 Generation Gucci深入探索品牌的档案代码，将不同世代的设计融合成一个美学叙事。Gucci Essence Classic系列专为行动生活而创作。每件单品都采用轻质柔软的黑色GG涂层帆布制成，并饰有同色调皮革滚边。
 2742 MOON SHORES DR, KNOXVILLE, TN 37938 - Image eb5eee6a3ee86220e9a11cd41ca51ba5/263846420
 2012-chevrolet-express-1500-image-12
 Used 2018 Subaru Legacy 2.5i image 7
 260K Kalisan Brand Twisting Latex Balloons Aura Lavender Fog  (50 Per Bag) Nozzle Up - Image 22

○ ○ ○ ○ ○

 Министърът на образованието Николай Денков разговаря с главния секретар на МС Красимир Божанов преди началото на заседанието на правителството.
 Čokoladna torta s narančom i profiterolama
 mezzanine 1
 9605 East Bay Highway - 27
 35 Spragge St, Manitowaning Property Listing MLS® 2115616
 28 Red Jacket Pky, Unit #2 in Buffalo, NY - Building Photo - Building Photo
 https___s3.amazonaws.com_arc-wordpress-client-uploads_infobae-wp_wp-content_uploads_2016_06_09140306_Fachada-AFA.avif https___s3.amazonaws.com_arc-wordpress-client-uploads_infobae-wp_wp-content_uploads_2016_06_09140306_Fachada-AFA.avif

○ ○ ○ ○ ○

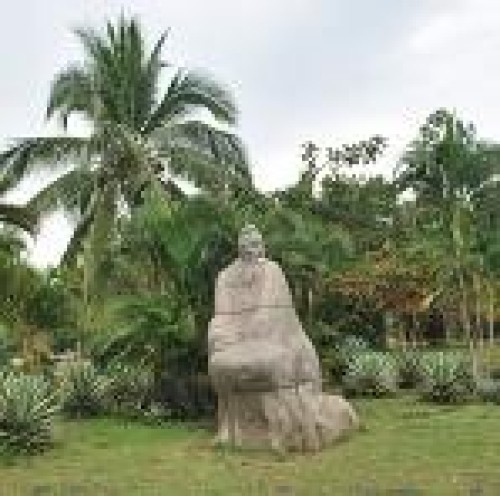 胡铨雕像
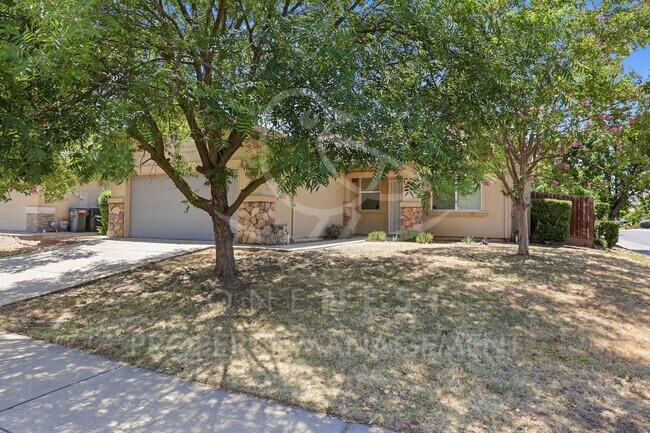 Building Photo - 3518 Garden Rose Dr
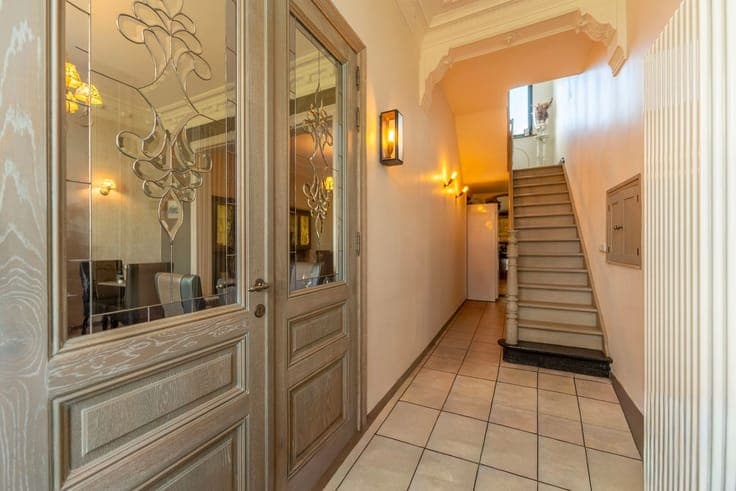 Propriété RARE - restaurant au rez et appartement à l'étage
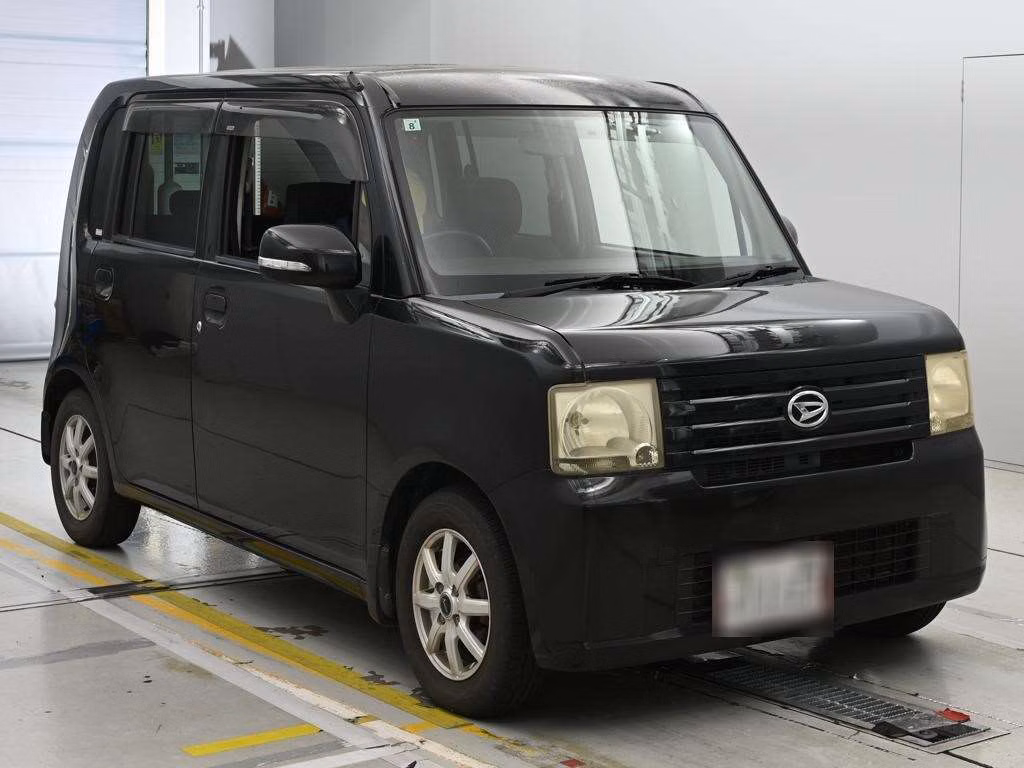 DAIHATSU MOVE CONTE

○ ○ ○ ○ ○

**TASK TO CARRY OUT**: Taking the entries above, write out exactly each line from the one holding "2012-chevrolet-express-1500-image-12" to the one holding "260K Kalisan Brand", both included, and stop there.

**TASK ANSWER**:
 2012-chevrolet-express-1500-image-12
 Used 2018 Subaru Legacy 2.5i image 7
 260K Kalisan Brand Twisting Latex Balloons Aura Lavender Fog  (50 Per Bag) Nozzle Up - Image 22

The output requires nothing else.